Materials provided
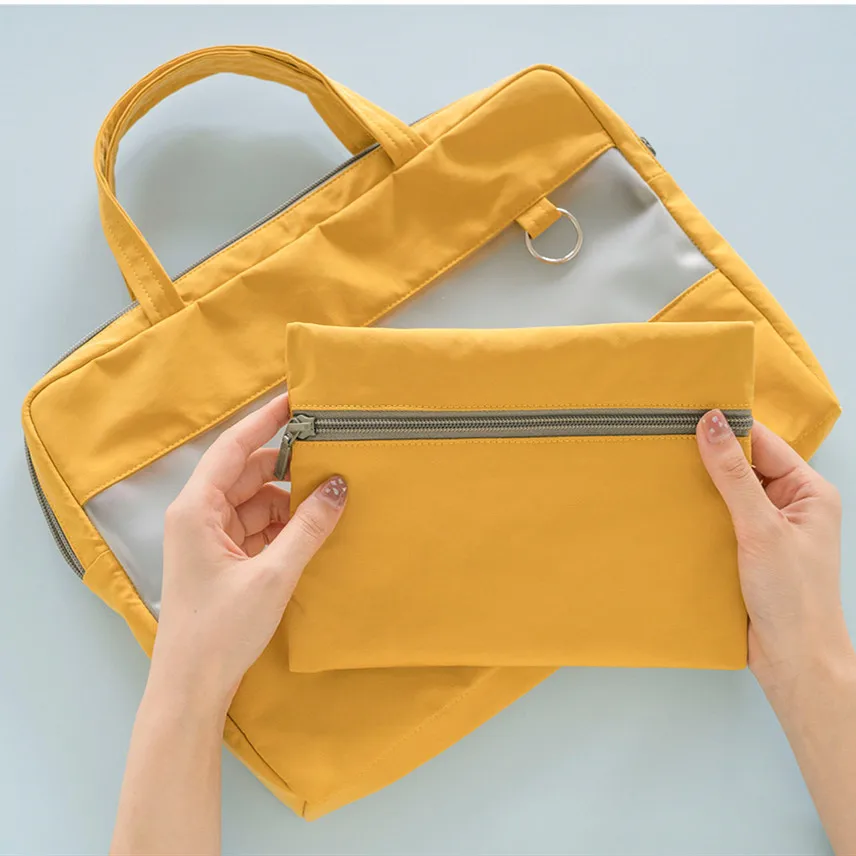 

MINKYS Canvas Translucent A4 File Folder Bag With Storage Bag 2PCS Waterproof Business File Document Briefcase Office Stationery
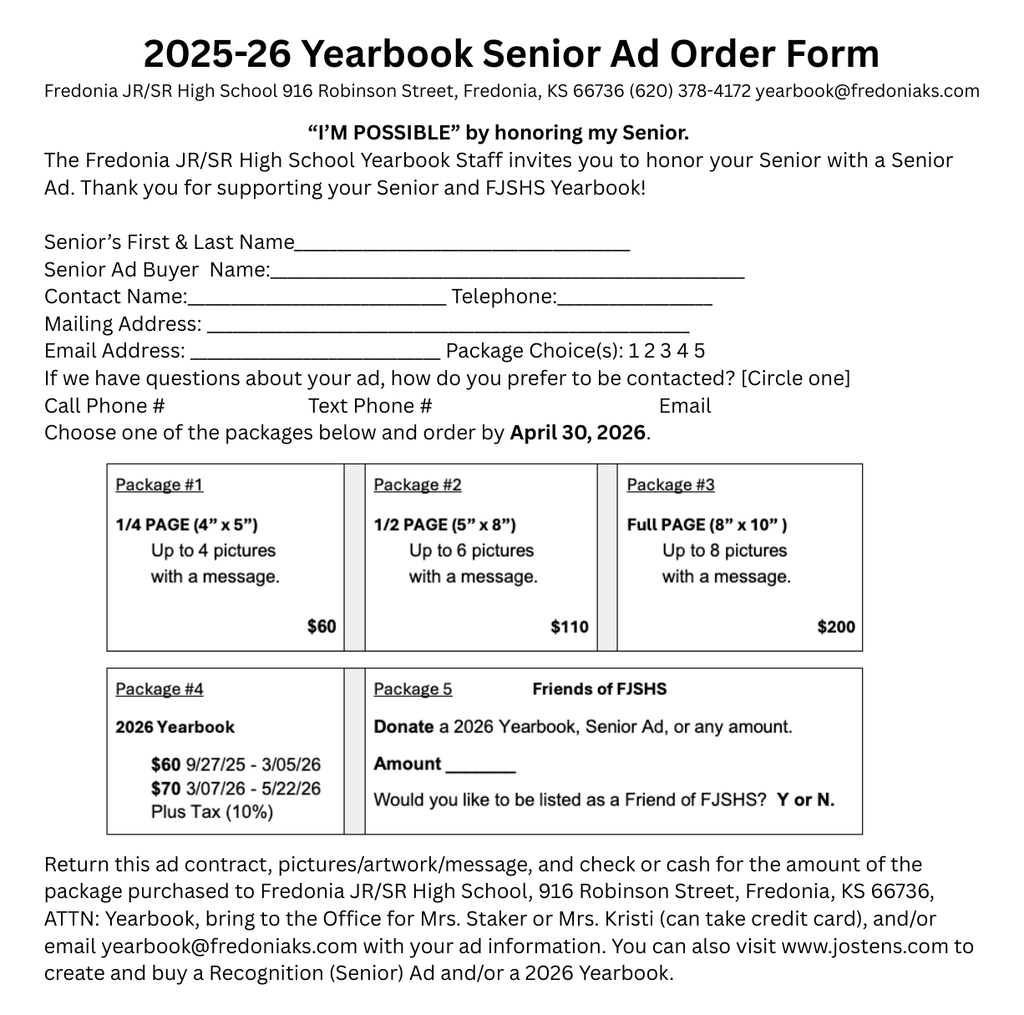 2026 Yearbook Senior Ad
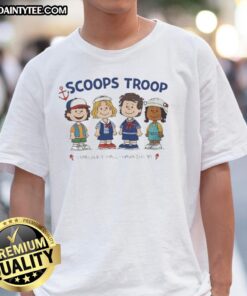 Top Scoops Troop Starcourt Mall Hawkins 85 T-Shirt featuring Stranger Things and Peanut cartoon design.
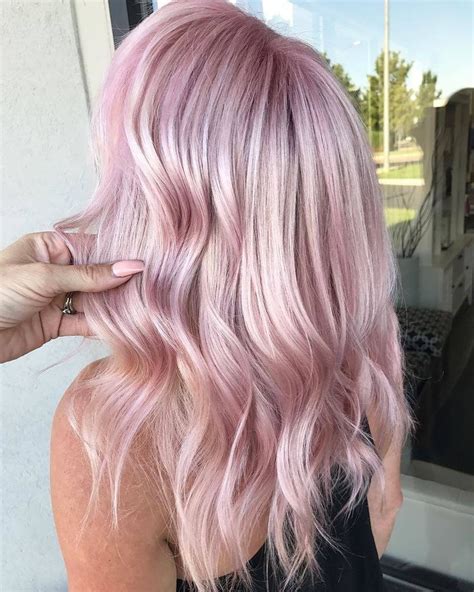 Platinum Pink Hair Pink Blonde Hair Hair Color Pastel Balayage Hair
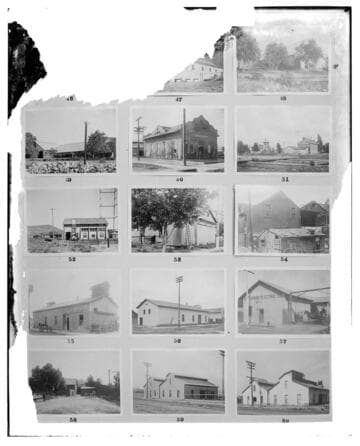 This is a multi-image negative that depicts southern California substation buildings, stables, and a steam plant. Undamaged images included on the plate are copies of original negatives: 02 - 00048; 02
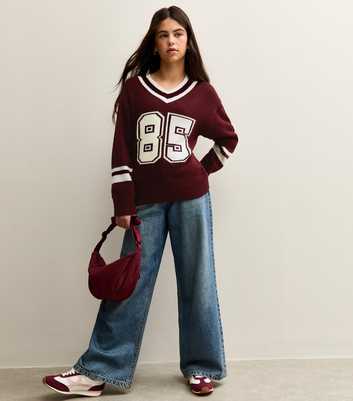 Girls Burgundy 85 V-Neck Contrast Trim Jumper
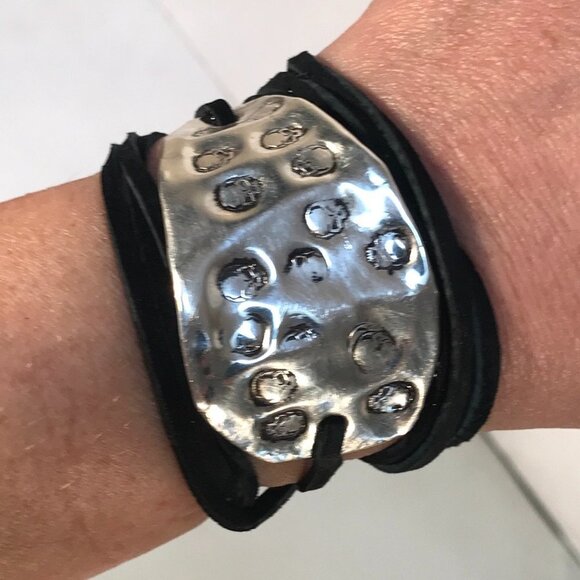 Rustic Skull Biker Wrap Bracelet Solid Sterling Silver 925 Cuff Genuine Suede - Picture 3 of 8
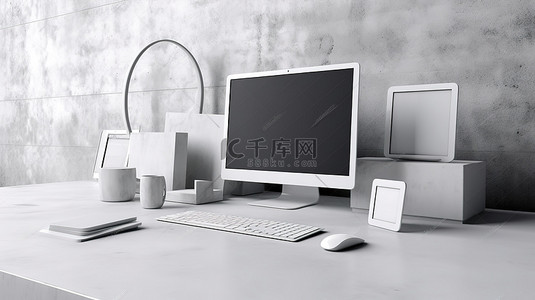 白色混凝土办公桌，配有技术设备 3D 插图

Exercise prompt
Output the listing exactly, pictures excluded.

Exercise solution
MINKYS Canvas Translucent A4 File Folder Bag With Storage Bag 2PCS Waterproof Business File Document Briefcase Office Stationery
 2026 Yearbook Senior Ad
 Top Scoops Troop Starcourt Mall Hawkins 85 T-Shirt featuring Stranger Things and Peanut cartoon design.
 Platinum Pink Hair Pink Blonde Hair Hair Color Pastel Balayage Hair
 This is a multi-image negative that depicts southern California substation buildings, stables, and a steam plant. Undamaged images included on the plate are copies of original negatives: 02 - 00048; 02
 Girls Burgundy 85 V-Neck Contrast Trim Jumper
 Rustic Skull Biker Wrap Bracelet Solid Sterling Silver 925 Cuff Genuine Suede - Picture 3 of 8
 白色混凝土办公桌，配有技术设备 3D 插图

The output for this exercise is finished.